Philosophe et enseignant à l'IHECS à Bruxelles, Pascal Chabot témoigne dans Après le progrès de son intérêt pour la technique (et pour la pensée de la technique), dont il avait déjà fait preuve dans un ouvrage consacré au philosophe considéré comme le théoricien par excellence de la question : Gilbert Simondon. Le titre pourrait surprendre parce qu'il suggère la nécessité de scinder progrès et technique. Rousseau ne supposait-il pas, déjà, que le concept de progrès était à penser sous la modalité de l'ambivalence ? La première exigence serait donc de désaffilier le progrès de la technique et de relativiser la notion elle-même. Le langage tend à hypostasier le progrès, à en faire une notion générique, universalisante, capable par là même de générer délires et désillusions ; ce qui explique, ainsi, la tentation d'assimiler progrès et toute puissance technique.

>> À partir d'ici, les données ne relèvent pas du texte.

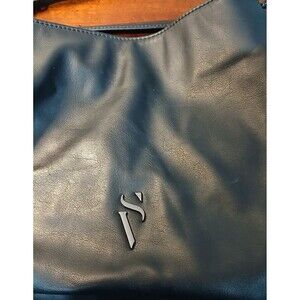 Simply Vera. Vera Wang Crossbody Handbag. Black. Lightweight.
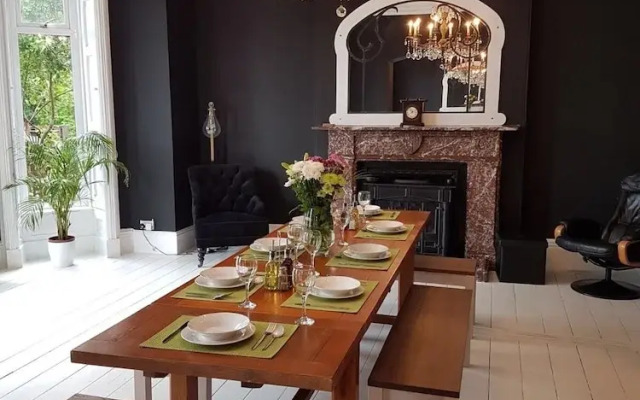 Beautiful Pendine Manor House in West Wales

Progredi, marcher vers l'avant, sans régression possible, dans un temps linéaire, serait-ce le trait invariable du progrès, le signe de son inscription dans la durée et de notre soumission involontaire ? À cette conception du progrès, l'auteur oppose les penseurs du devenir qui, de Bergson à Deleuze en passant par Simondon, temporalisent véritablement le progrès sans spécification ni conversion spatiale ("Les progrès sont toujours enfants des circonstances, dans leur hic et nunc, dans leur ecceité, dirait Deleuze").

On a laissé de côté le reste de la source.